Data records ▸

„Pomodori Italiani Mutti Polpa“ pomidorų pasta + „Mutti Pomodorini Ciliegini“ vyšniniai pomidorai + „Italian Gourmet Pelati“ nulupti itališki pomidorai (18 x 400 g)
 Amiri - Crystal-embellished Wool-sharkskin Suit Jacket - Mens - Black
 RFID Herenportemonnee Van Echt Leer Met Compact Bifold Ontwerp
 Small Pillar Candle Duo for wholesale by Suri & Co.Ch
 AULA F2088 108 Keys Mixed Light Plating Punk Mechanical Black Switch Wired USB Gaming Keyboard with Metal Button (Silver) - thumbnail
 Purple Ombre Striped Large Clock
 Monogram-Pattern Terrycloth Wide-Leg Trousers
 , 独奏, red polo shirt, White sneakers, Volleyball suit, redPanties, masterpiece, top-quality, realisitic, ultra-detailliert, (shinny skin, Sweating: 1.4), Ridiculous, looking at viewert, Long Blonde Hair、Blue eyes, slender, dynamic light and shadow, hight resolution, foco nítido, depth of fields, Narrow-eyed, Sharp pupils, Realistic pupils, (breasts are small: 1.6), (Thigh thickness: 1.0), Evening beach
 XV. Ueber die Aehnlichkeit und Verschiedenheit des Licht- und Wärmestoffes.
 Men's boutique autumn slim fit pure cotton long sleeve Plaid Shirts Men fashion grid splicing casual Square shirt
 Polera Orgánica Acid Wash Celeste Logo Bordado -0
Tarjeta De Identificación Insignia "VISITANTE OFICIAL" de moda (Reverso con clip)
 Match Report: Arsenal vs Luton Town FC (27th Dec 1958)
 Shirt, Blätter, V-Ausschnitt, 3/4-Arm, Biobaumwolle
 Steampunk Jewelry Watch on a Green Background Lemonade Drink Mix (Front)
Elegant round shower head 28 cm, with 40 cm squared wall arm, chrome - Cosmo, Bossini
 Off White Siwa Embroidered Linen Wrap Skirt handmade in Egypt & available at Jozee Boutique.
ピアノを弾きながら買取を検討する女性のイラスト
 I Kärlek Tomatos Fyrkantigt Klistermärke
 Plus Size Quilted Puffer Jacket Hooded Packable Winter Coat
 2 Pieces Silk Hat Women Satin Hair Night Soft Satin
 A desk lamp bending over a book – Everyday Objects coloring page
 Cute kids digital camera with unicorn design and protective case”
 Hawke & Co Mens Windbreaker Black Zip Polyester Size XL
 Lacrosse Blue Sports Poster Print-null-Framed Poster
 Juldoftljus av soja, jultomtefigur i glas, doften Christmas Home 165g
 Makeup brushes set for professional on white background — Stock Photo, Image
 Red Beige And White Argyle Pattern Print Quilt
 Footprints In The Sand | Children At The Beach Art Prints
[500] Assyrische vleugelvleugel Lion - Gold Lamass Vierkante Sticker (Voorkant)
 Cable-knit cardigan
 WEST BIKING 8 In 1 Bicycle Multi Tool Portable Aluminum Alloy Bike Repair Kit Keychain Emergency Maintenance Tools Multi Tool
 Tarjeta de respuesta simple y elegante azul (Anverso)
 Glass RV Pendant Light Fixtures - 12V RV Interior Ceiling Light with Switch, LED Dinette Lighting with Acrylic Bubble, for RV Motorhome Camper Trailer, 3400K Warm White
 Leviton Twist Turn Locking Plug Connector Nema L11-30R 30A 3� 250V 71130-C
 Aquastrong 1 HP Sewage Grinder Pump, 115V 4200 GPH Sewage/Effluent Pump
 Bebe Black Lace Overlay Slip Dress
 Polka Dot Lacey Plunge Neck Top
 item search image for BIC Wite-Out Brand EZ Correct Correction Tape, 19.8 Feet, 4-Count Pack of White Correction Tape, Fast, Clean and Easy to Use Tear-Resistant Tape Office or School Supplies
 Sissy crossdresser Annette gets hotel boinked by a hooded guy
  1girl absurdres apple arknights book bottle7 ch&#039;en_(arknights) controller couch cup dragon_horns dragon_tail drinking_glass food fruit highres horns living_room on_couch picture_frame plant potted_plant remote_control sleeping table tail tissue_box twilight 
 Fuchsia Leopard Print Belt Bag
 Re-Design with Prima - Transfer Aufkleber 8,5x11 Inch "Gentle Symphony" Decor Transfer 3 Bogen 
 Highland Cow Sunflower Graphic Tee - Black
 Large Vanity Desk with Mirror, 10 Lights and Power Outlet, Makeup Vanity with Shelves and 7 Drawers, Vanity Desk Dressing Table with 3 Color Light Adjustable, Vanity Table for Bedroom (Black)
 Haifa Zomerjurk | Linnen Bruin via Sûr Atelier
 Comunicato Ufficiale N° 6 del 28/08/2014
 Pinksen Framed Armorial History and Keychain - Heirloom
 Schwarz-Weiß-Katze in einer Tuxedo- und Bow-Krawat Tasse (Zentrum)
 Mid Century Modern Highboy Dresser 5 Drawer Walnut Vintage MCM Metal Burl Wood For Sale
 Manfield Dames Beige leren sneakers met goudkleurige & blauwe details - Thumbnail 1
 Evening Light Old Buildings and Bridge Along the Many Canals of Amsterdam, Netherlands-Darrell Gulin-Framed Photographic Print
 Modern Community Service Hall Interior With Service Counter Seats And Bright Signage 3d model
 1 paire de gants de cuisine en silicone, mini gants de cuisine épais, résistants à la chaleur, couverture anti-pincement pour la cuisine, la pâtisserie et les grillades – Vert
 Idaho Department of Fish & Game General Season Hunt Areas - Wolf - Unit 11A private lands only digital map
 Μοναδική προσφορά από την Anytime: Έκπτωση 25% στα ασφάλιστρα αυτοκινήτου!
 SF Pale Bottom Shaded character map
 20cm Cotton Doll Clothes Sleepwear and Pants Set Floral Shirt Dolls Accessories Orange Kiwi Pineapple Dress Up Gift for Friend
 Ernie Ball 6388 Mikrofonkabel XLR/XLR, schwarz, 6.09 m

Aim of the task ▸
Look through the material above for "Interior" and copy the lines that have it.

Exercise answer ▸
 Glass RV Pendant Light Fixtures - 12V RV Interior Ceiling Light with Switch, LED Dinette Lighting with Acrylic Bubble, for RV Motorhome Camper Trailer, 3400K Warm White
 Modern Community Service Hall Interior With Service Counter Seats And Bright Signage 3d model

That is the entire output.